Take the line that has "ФРАНЦИЯ 20 САНТИМОВ" in it and every line after it to the end of the entries, and reproduce them exactly.

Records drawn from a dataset
%%

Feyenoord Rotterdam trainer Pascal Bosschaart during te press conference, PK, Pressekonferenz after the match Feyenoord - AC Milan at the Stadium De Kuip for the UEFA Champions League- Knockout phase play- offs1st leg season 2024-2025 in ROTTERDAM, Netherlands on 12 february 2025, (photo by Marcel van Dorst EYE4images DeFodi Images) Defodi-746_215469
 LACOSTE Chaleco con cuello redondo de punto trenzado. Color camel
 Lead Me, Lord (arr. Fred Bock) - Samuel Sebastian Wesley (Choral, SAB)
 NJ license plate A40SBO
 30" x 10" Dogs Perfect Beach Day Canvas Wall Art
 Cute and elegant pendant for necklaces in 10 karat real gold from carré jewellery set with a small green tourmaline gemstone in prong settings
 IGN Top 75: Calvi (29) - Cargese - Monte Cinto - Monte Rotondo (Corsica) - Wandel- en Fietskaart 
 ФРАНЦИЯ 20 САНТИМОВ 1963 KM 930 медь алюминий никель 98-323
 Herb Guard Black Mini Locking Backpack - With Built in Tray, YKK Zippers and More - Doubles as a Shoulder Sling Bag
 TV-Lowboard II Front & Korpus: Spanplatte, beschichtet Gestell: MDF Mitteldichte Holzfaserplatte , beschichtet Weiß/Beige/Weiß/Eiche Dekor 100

%%

Written solution:
 ФРАНЦИЯ 20 САНТИМОВ 1963 KM 930 медь алюминий никель 98-323
 Herb Guard Black Mini Locking Backpack - With Built in Tray, YKK Zippers and More - Doubles as a Shoulder Sling Bag
 TV-Lowboard II Front & Korpus: Spanplatte, beschichtet Gestell: MDF Mitteldichte Holzfaserplatte , beschichtet Weiß/Beige/Weiß/Eiche Dekor 100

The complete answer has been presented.